- ACTIVITY: In the data below, find the line with "黃tomato.30681" and output it along with every later line, exactly, but not the pictures.

+++++

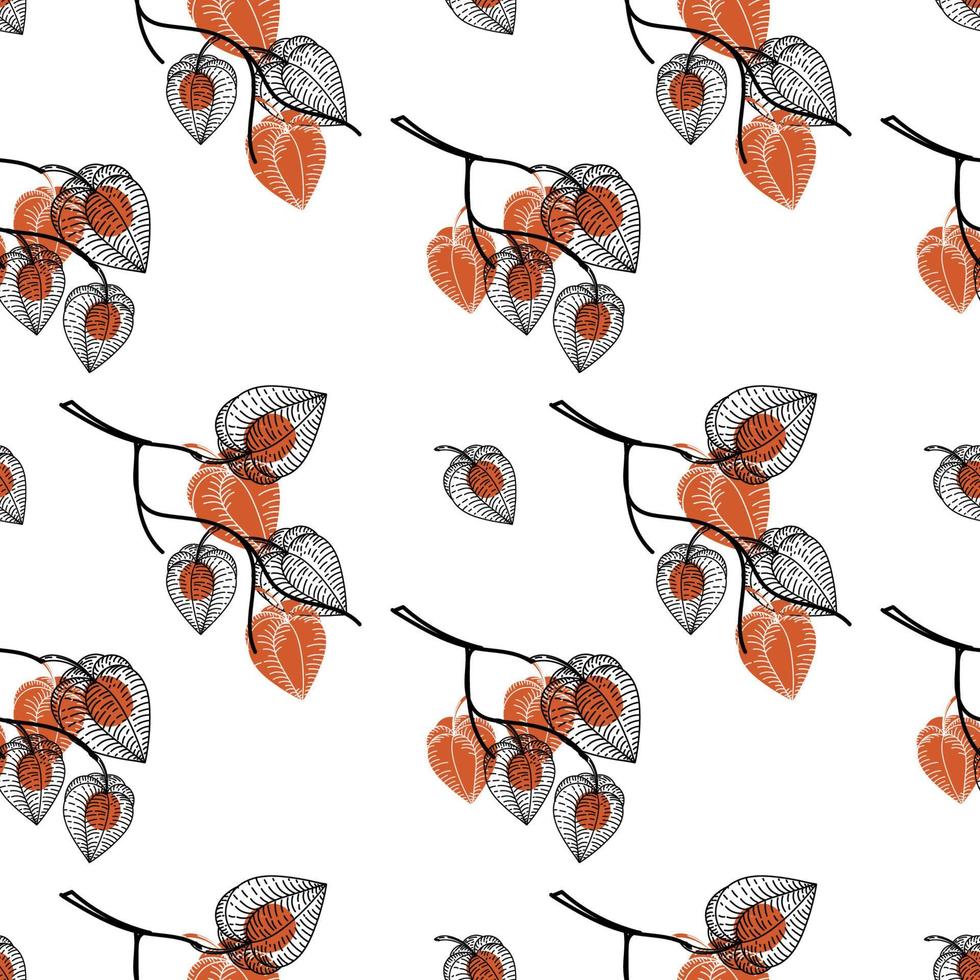 Seamless pattern with dried flowers of physalis, drawn doodle elements in sketch style. Physalis. Phyzalis lace on white background vector
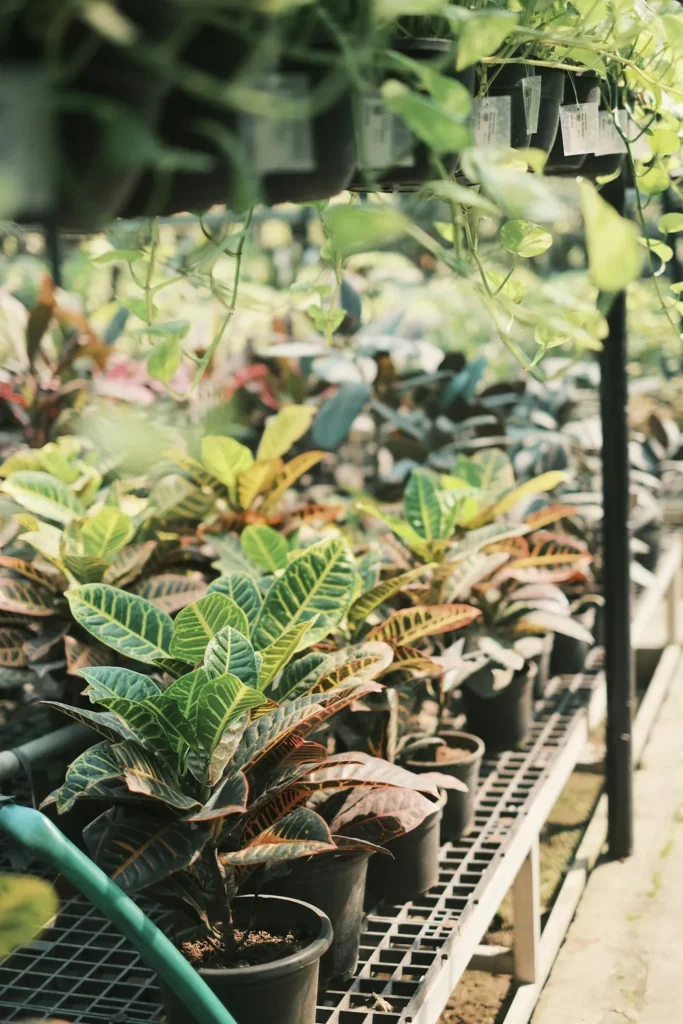 Young plants lined up on a nursery shelf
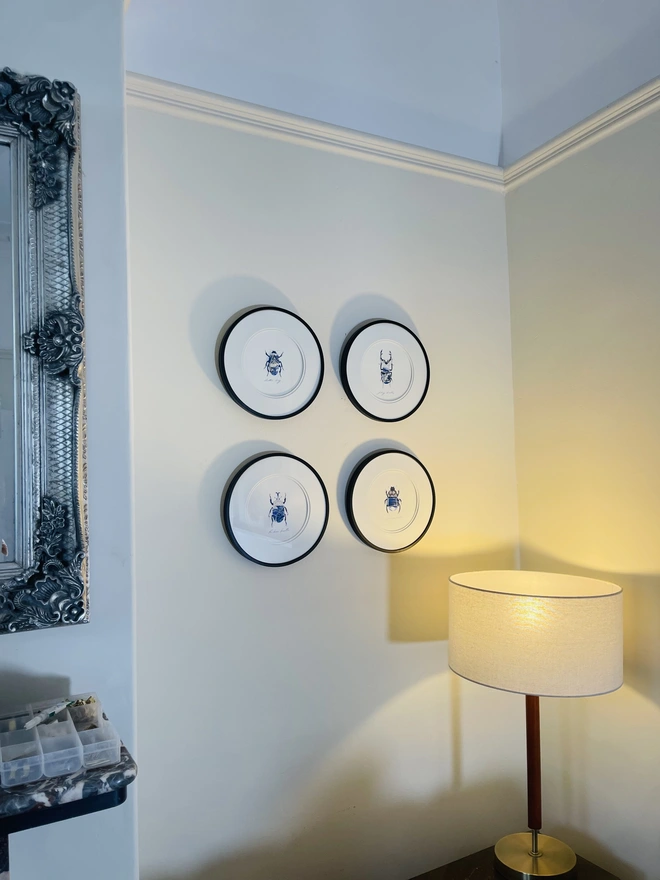 Example of four bugs in black frames hanging on a wall.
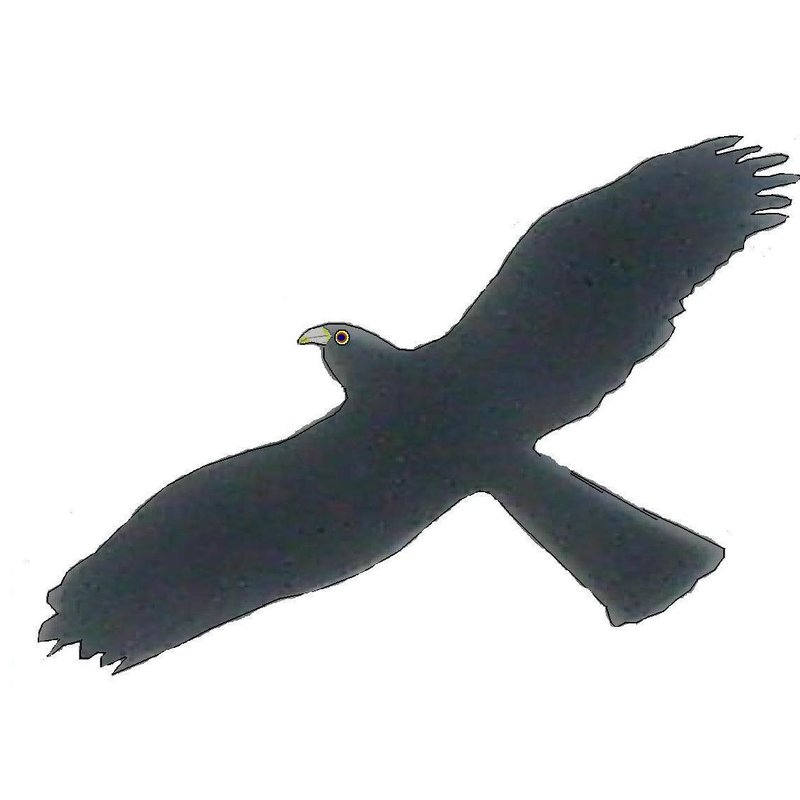 Jastrząb.JPG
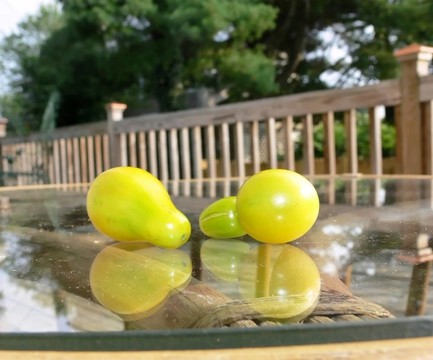 黃tomato.30681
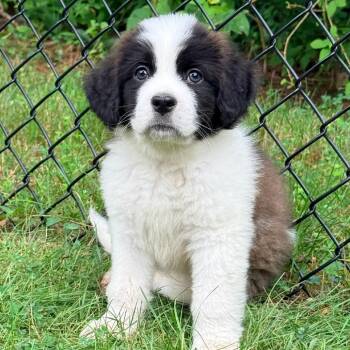 CT Grayson -  Saint Bernard Dog for Adoption in Stormville, New York - CT Grayson | PetCurious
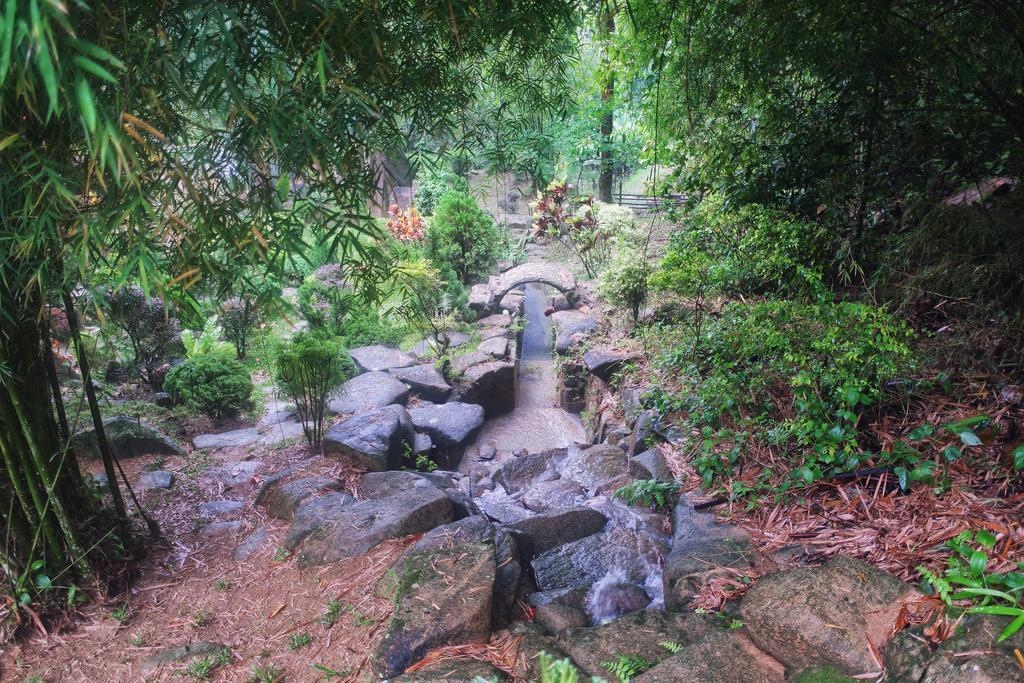 בוקיט טינגי Harmony Valley Retreat מראה חיצוני תמונה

+++++

- ANSWER FOR THIS EXERCISE:
 黃tomato.30681
 CT Grayson -  Saint Bernard Dog for Adoption in Stormville, New York - CT Grayson | PetCurious
 בוקיט טינגי Harmony Valley Retreat מראה חיצוני תמונה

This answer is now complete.